As it is Urushibara week, I offer this post on the scholar and dealer, Ken Hoshino, as my contribution. Hoshino was born in Japan but  left in 1898 to study at Columbia University in  New York City. Following graduation, he then moved to London where he eventually set up a business selling prints on Chancery Lane.


He was in business by 1907 when he sold 23 images to the British Museum. The woodblock by Utagawa Yotohiro (top) was one of them and the image of fighting during the Sino-Japanese War by Gessa  c1904  (below) was another. In between them  there is a 1912 advert from the Froebel Society Journal for the popular bird and flower prints. (I await identification  and I am not  going to put much money on Koson).


Hoshino's London career came to an end shortly afterwards. He fell ill and returned to Japan, leaving the business in the hands of a British employee who ran it until the end of the first war, when Ken's nephew, Hiroshi, came to London and instead of selling prints, imported Japanese celluloid toys, which were passed on to East London traders at considerable profit. Such is life.

It was this later period that is perhaps of most interest to Modern Printmakers. In 1910, William Giles produced a colour print of Stonehenge (below) based on a series of drawings he had made and in its turn, this became the basis for a colour woodcut by Urushibara, or, rather, a series of colour woodcuts where the Japanese artist built on the variants Giles himself had made. The whole process for Giles had been a complex one of selection where many of the esoteric overtones of the sketches and etchings he made, were removed.

Urushibara's images were made some time around 1912 or so.

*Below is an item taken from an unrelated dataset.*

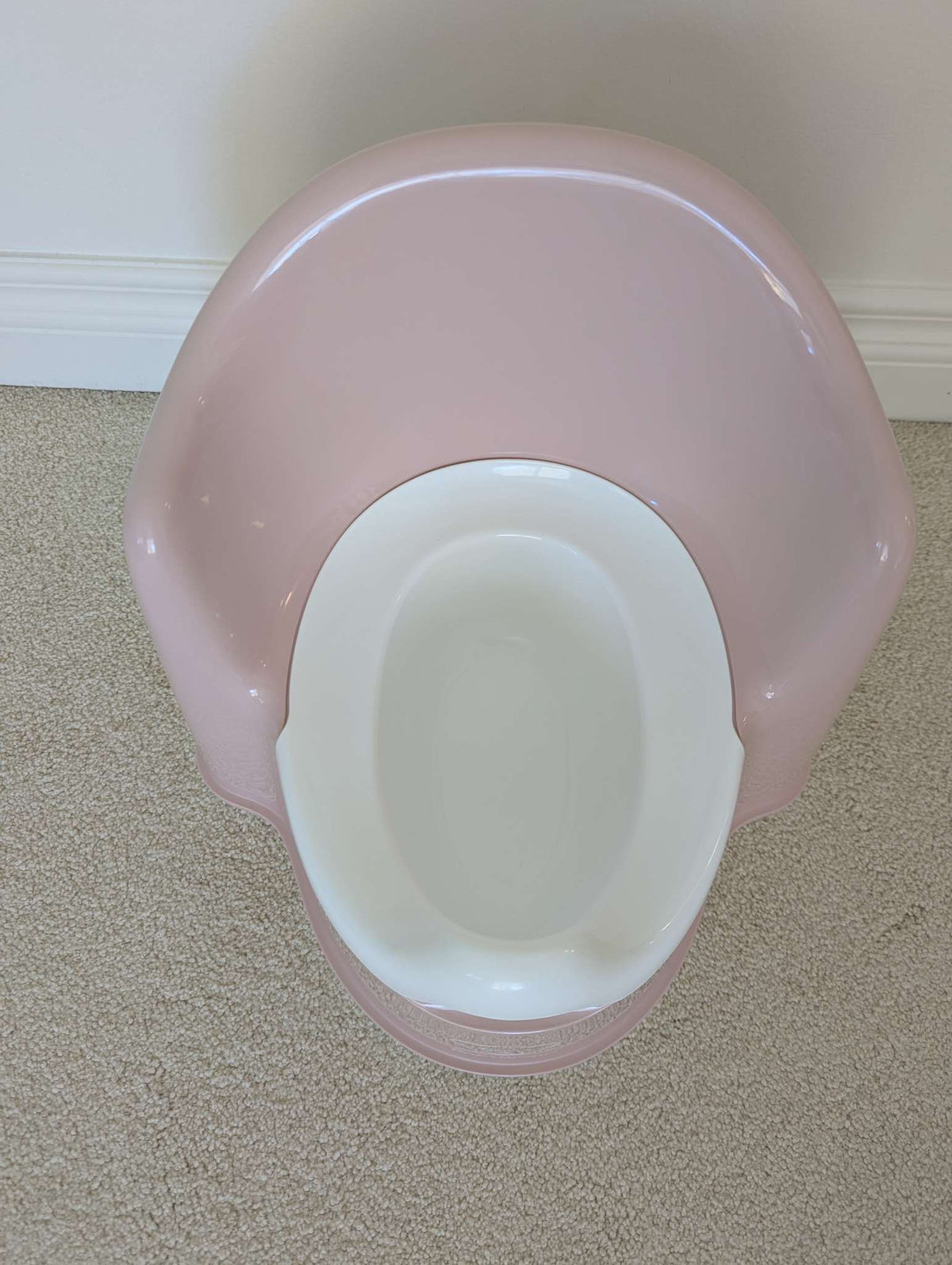 Baby Bjorn pink potty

Many are signed and are quite clearly colour woodcuts, but at some point at least two different images were published by Ken Hoshino and Co. According to the Japanese Gallery the Hoshino Stonehenge print they had for sale was a lithograph. It had a chop-mark like the one you see here and an inscription (see below)  but no signature.  I have never seen one of these Hoshino prints, so I am  not going to go in for any guesswork or conjecture. It's  interesting all the same to see Urushibara taking a commercial approach (as his old employers did in Tokyo) at a stage where he was beginning to make prints of his own. It was not untill 1920 that The bamboo vase, his first truly independent colour woodcut, was first exhibited in London. It was a long apprenticeship but there is a process here, I think, and an acute one.